▽
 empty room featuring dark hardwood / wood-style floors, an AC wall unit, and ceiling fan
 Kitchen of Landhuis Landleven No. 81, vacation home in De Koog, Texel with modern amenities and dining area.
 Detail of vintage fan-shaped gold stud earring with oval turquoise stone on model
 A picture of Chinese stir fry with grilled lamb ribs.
△
▽
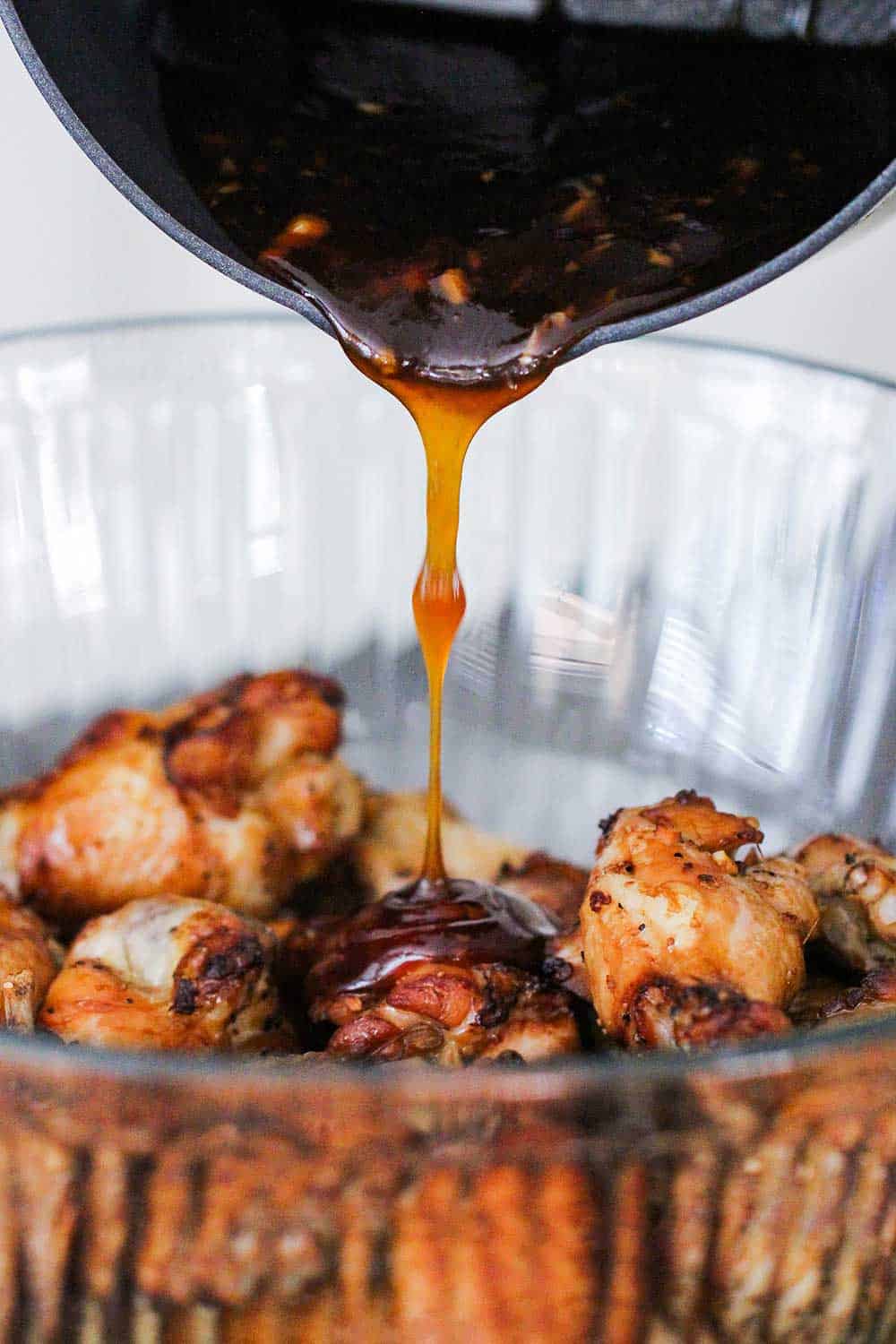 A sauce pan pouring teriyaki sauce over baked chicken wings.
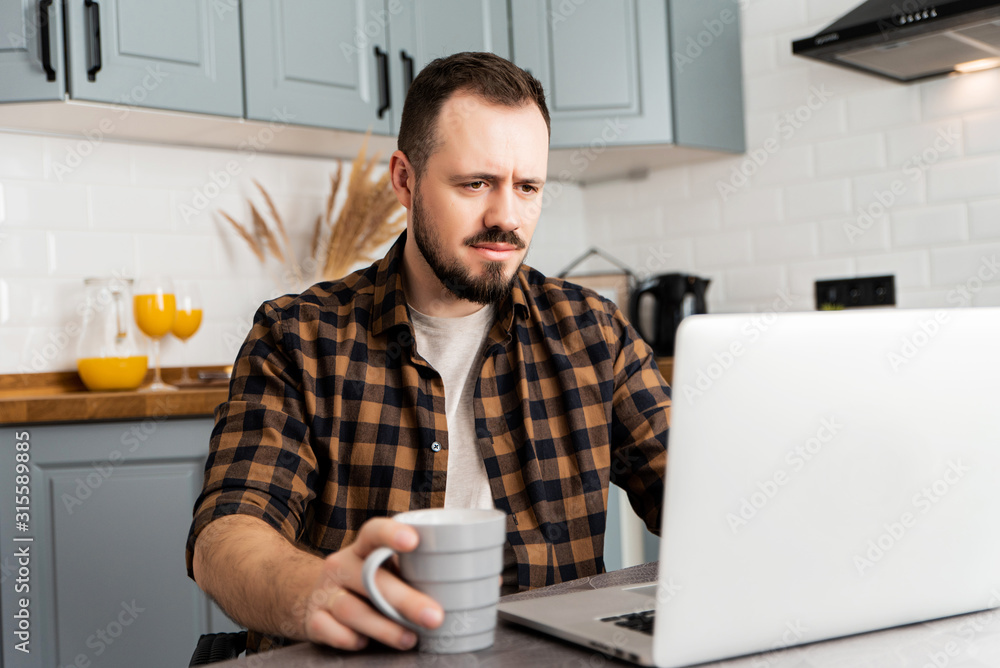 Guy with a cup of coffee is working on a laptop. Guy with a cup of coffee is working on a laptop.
△
What is required
Using the entries above, give again exactly the lines from the line holding "Kitchen of Landhuis" through the line holding "A picture of". Include both end lines and nothing else.

Answer for the task
 Kitchen of Landhuis Landleven No. 81, vacation home in De Koog, Texel with modern amenities and dining area.
 Detail of vintage fan-shaped gold stud earring with oval turquoise stone on model
 A picture of Chinese stir fry with grilled lamb ribs.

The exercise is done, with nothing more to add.